E assim passava o tempo, e o Coelhinho era muito feliz – tão feliz que nunca se deu conta de como o seu lindo pelo tornava-se cada vez mais surrado, o rabo descosturava-se, e todo o cor de rosa do seu focinho onde o Menino o beijava esmaecia.


A primavera chegou e eles tiveram longos dias no jardim, pois aonde o Menino ia, o Coelho o acompanhava. Ele passeava no carrinho de mão, fazia piqueniques na grama e tinha uma adorável cabana encantada construída para ele embaixo dos pés de framboesa, atrás do canteiro de flores. E uma vez, quando repentinamente o Menino foi chamado para o chá, o Coelho foi deixado na clareira por muito tempo após o anoitecer, e Nana teve de vir e procurá-lo com uma vela porque o Menino não conseguia dormir sem ele. Ele estava molhado pelo orvalho e completamente sujo de terra por mergulhar nas tocas que o Menino fizera para ele no canteiro de flores, e Nana resmungava enquanto o esfregava com a ponta do avental.

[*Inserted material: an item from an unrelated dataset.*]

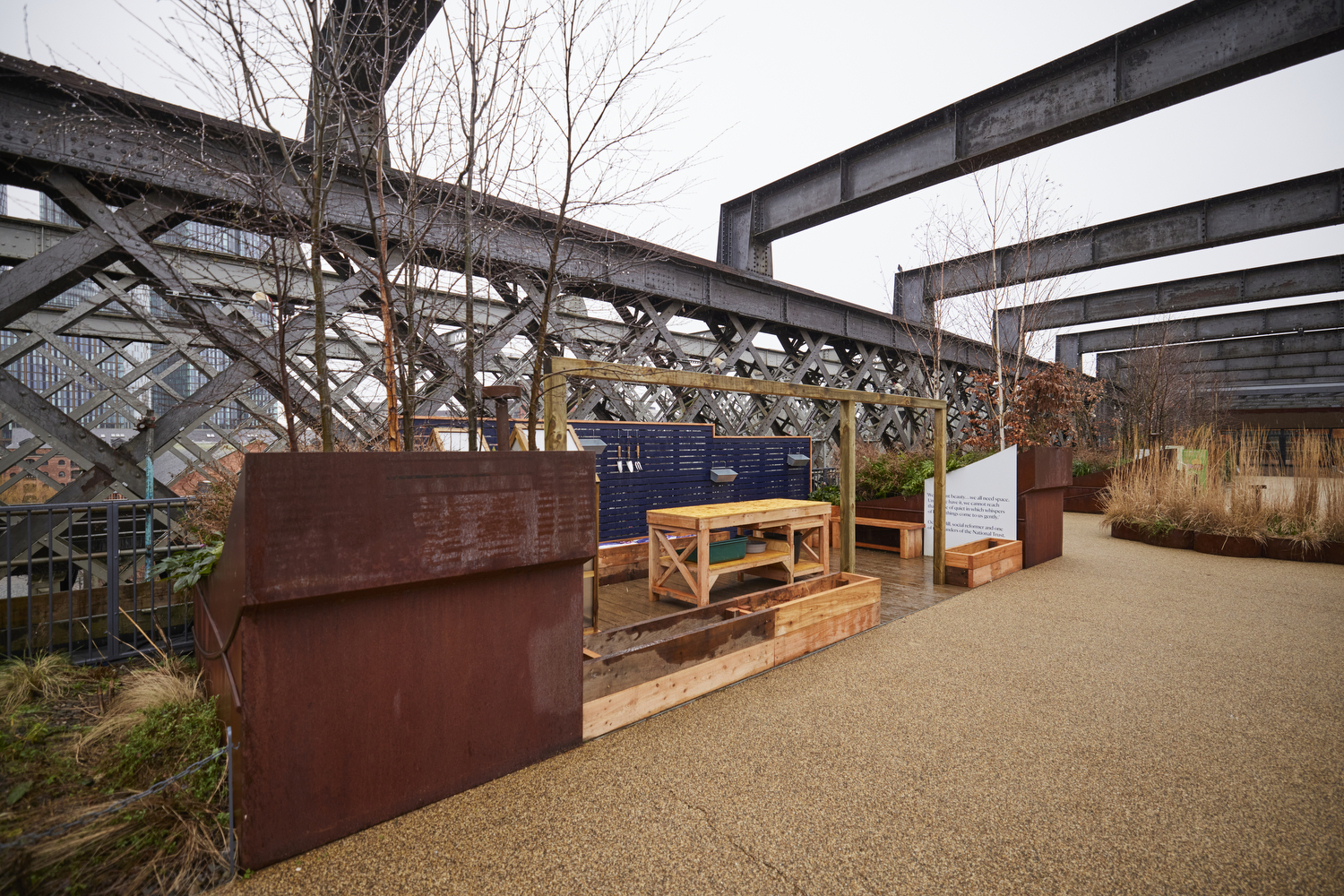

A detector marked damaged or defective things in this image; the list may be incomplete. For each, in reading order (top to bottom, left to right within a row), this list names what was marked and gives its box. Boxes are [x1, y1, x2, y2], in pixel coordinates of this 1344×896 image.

rusty corten steel wall [192, 451, 591, 870]
rusty corten steel wall [1016, 445, 1070, 566]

“Tinha que ser o seu velho Coelho!” disse ela. “Imagine todo esse rebuliço por um brinquedo!”


“Me dê meu Coelho!” disse ele. “Você não devia falar assim. Ele não é um brinquedo. É REAL!”


Quando o Coelhinho escutou aquilo ficou feliz, pois enfim soube que o Cavalo de Pele estava certo. Havia lhe ocorrido a magia do quarto de crianças, e ele não era mais um brinquedo. Era Real. O próprio Menino dissera isso.

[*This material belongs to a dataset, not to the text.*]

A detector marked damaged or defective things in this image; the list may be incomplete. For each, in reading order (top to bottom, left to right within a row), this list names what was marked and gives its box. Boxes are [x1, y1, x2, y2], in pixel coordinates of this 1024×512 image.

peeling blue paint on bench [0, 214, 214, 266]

Naquela noite, o Coelhinho estava feliz demais para dormir e seu pequeno coração de serragem quase explodiu de tanto amor. E nos seus olhos de botão de bota, que há muito perdera o brilho, surgiu um olhar de sabedoria e beleza, de tal maneira que até Nana percebeu na manhã seguinte quando o pegou, e disse, “Eu seria capaz de jurar que esse velho Coelho não tinha toda essa expressão de lucidez!”


Aquele era um verão maravilhoso!


Próximo à casa onde eles viviam havia um bosque, e nas longas noites de junho o Menino gostava de ir lá após o chá para brincar. Ele levou o Coelho de Pelúcia consigo e, antes do seu passeio para colher flores ou de brincar de bandido em meio às árvores, sempre preparava para o Coelho um pequeno ninho em algum lugar entre as samambaias, onde este ficaria perfeitamente aconchegado, pois era um menininho de coração generoso e queria que o seu Coelho se sentisse confortável. Numa certa noite, enquanto o Coelho estava deitado ali sozinho, observando as formigas que corriam por um lado e outro das suas patas de pelúcia sobre a grama, ele viu dois seres estranhos rastejando para fora das altas samambaias que existiam naquele local.


Eram coelhos como ele, mas bem peludos e novinhos em folha. Deviam ser muito bem feitos, porque a costura não ficava nem um pouco à mostra, e eles mudavam de formato de maneira fantástica quando se moviam; em um minuto eles eram compridos e magros e no minuto seguinte eram gordos e felpudos, em vez de permanecerem sempre iguais, como ele. Suas patas caminhavam suavemente sobre o chão e eles moviam-se bem perto dele, contraindo seus focinhos, enquanto o Coelho espreitava atentamente para ver qual era o lado aparente do mecanismo à corda, porque ele sabia que as pessoas que pulavam geralmente tinham algo para alçá-las. Mas ele não conseguia ver. Eles eram evidentemente uma nova espécie de coelhos.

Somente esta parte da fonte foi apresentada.